A Special Interest Group You Like Is Still a Special Interest Group
No, really. Just because public safety officers and teachers are public employees whose job it is to serve the public does not mean that their lobbying or government relations wings are any less “special interests” than any other organization that lobbies to protect its members’ interests. When police officers’ unions lobby for more funding for SWAT teams or asset forfeiture laws or Byrne Grants, are they acting in any materially different way than any other special interest group? When teachers’ unions fight every single education reform that doesn’t involve the words “more money” are they acting in any materially different way from a major corporation fighting regulation while demanding subsidies? And don’t let me get started on prison guards’ unions. The answer to all these is: of course not.

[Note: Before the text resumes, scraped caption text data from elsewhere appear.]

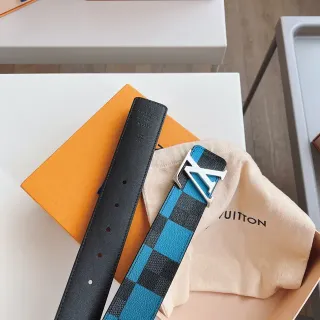 Louis Vuitton LV Cinto com fivela twist buckle preto e azul xadrez de couro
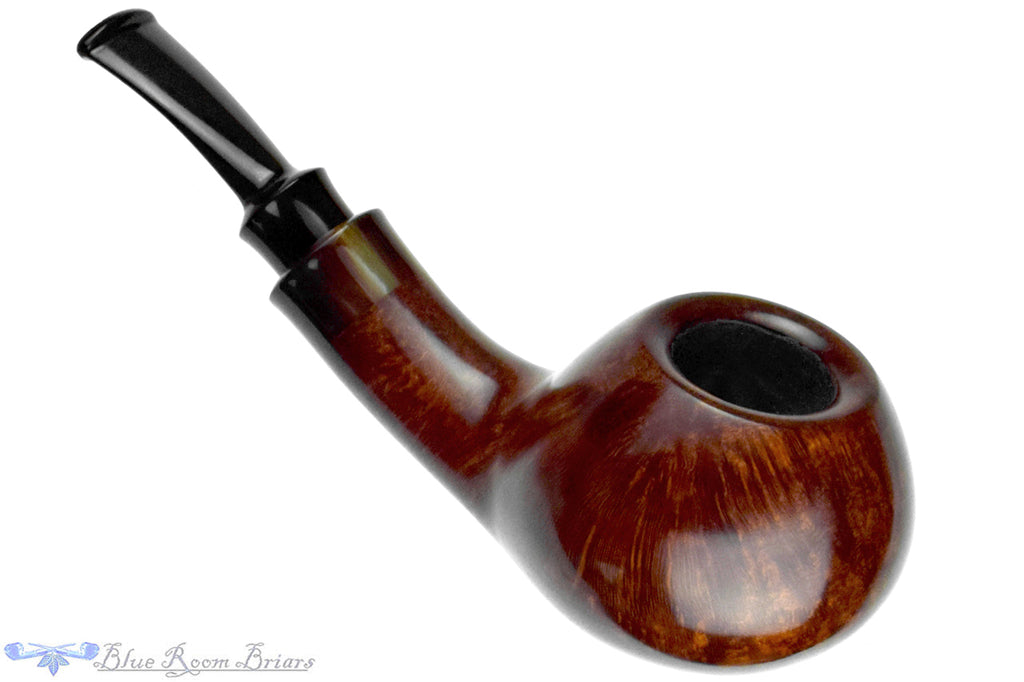 Blue Room Briars is proud to present this Yosef Zehnder Pipe 226 Bent Author with Buffalo Horn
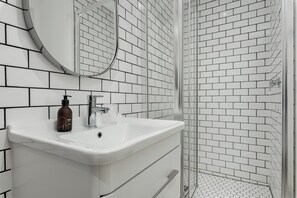 Een douche, een haardroger, handdoeken, zeep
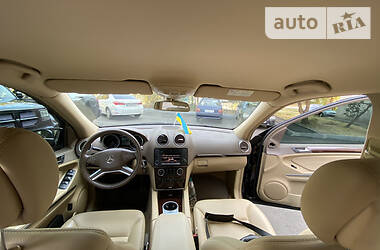 Внедорожник / Кроссовер Mercedes-Benz M-Class 2009 в 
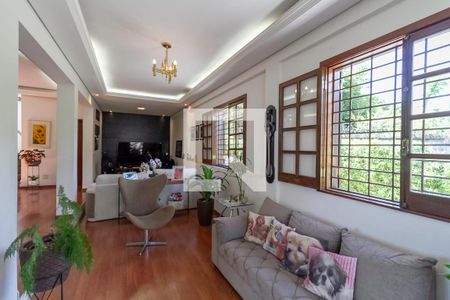 Sala 1 de casa à venda com 4 quartos, 1500m² em Braúnas, Belo Horizonte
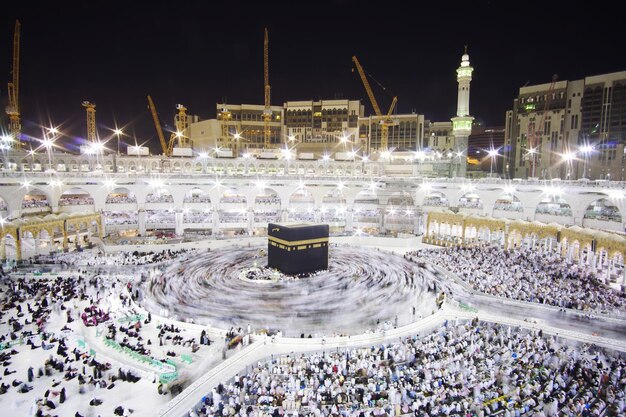 Foto tawaf bei der kaaba bewegung verschwommen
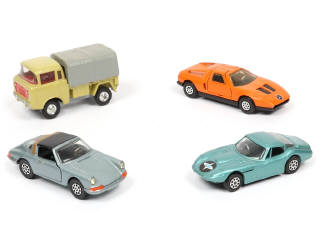 Lot 305 - CORGI TOYS (GB) (4)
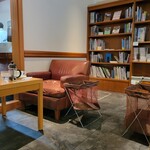 마루야마 커피 하루니레 테라스점 - 카페 공간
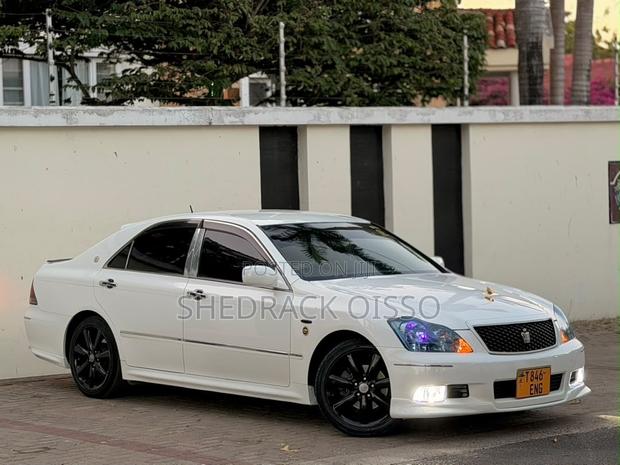 Toyota Crown 2006 White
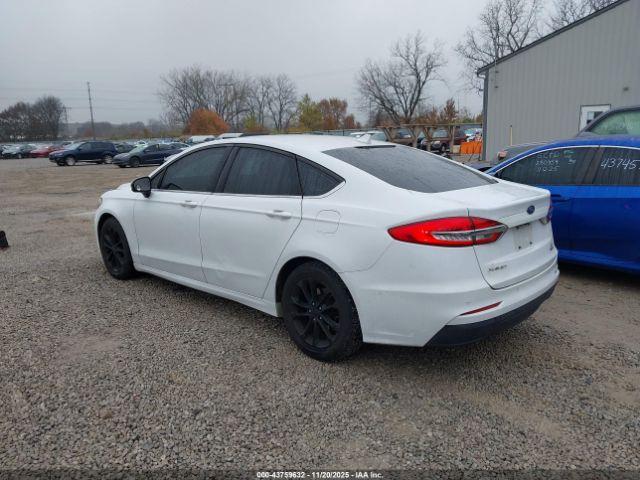 Ford Fusion Se Image 14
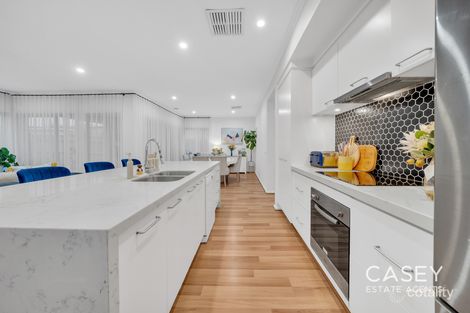 Property photo of 17 Black Wattle Way Cranbourne VIC 3977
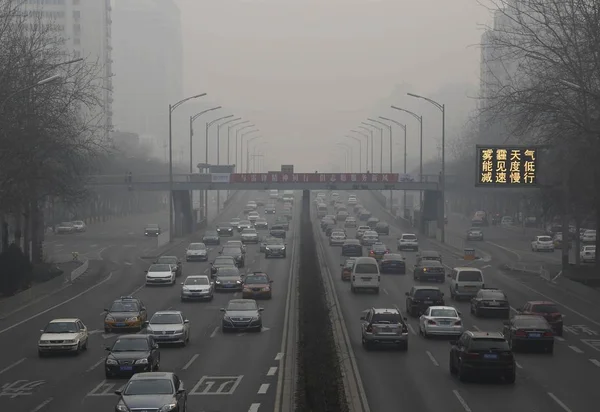 Cars Travel Highway Heavy Smog Beijing China February 2014 — Stock Photo, Image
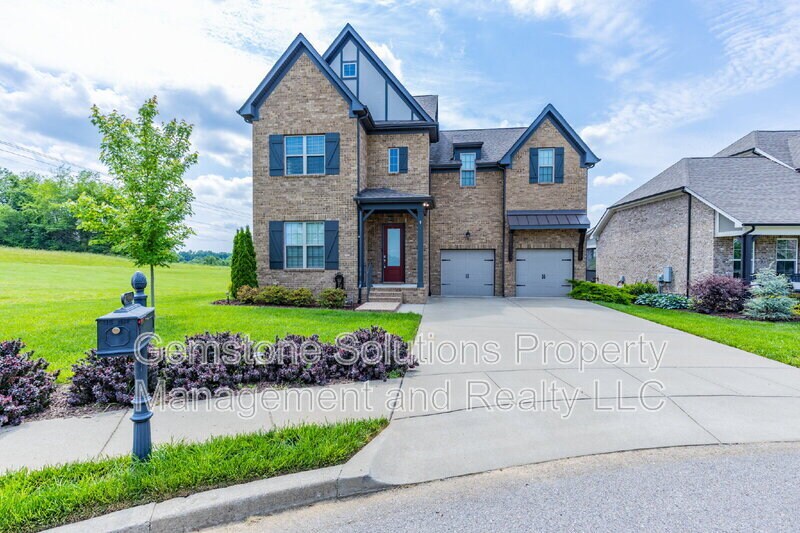 2944 Hadley Close Ln in Thompson's Station, TN - Building Photo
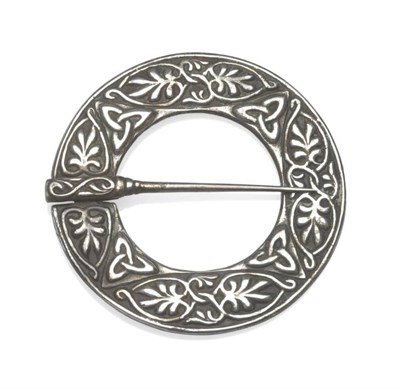 Lot 1075 - An Iona Plaid Brooch, by Alexander and Euphemia Ritchie,  with entwined foliage and celtic...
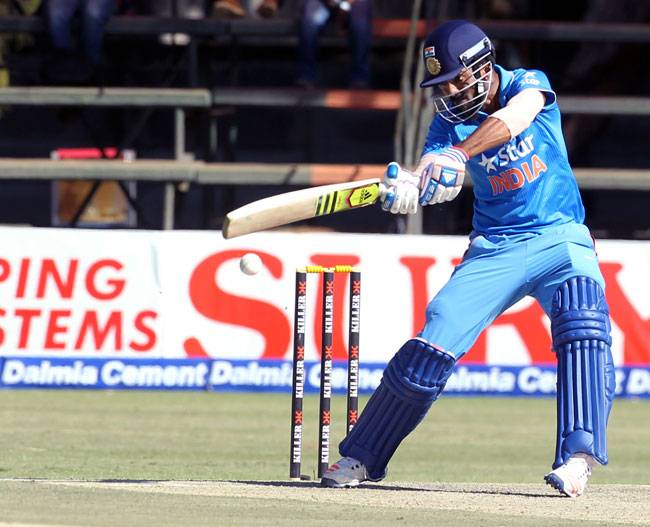 जिम्बाब्वे का क्लीन स्वीप कर धोनी के धुरंधरों ने बनाए कई कीर्तिमान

That doesn’t make them evil. Frankly, I’m quite certain that they really do believe that whatever is good for them is good for everyone else. I’ve also got no problem whatsoever with them doing it. Fer chrissakes, I’ve even worked on a grassroots lobbying campaign for a public safety union (and continue to believe that this particular group is on the side of the angels far more often than not). But let’s not pretend that they’re any less capable, as organizations, of putting their self-interest above the public interest (whatever the hell that may be) than are every other interest group on the planet.
I’m quite certain that Think Progress would consider the NRA a special interest. And guess what? It is exactly that. It just so happens to be a special interest group that, to the extent it actually purses its stated interests, I believe is serving the public good. Of course, others disagree that the NRA’s stated interests serve the public good. It’s the fact that there is debate about whether the NRA’s stated interests serve the public good – that makes them a special interest, not that the NRAs stated interests are opposed to the stated interests of Think Progress.
Similarly, it is the fact that there is disagreement over whether the stated interests of public employee groups are consistent with the public good that makes them special interests, not that those stated interests are opposed to the stated interests of John Boehner.
Of course, if I had my druthers, the phrases “special interest group” and “public interest group” would not even be in our lexicon. Here, I’ll just restate my First and Second Laws of Interest Group Politics and Corruption:
1. There are no such things as “special” and “public” interest groups: anyone seeking a particular outcome in a particular government action is an interest group, pure and simple.
2. Interest groups, even self-described “public” interest groups, seek nothing more or less than the advancement or protection of their leaders’ and members’ preferred outcomes.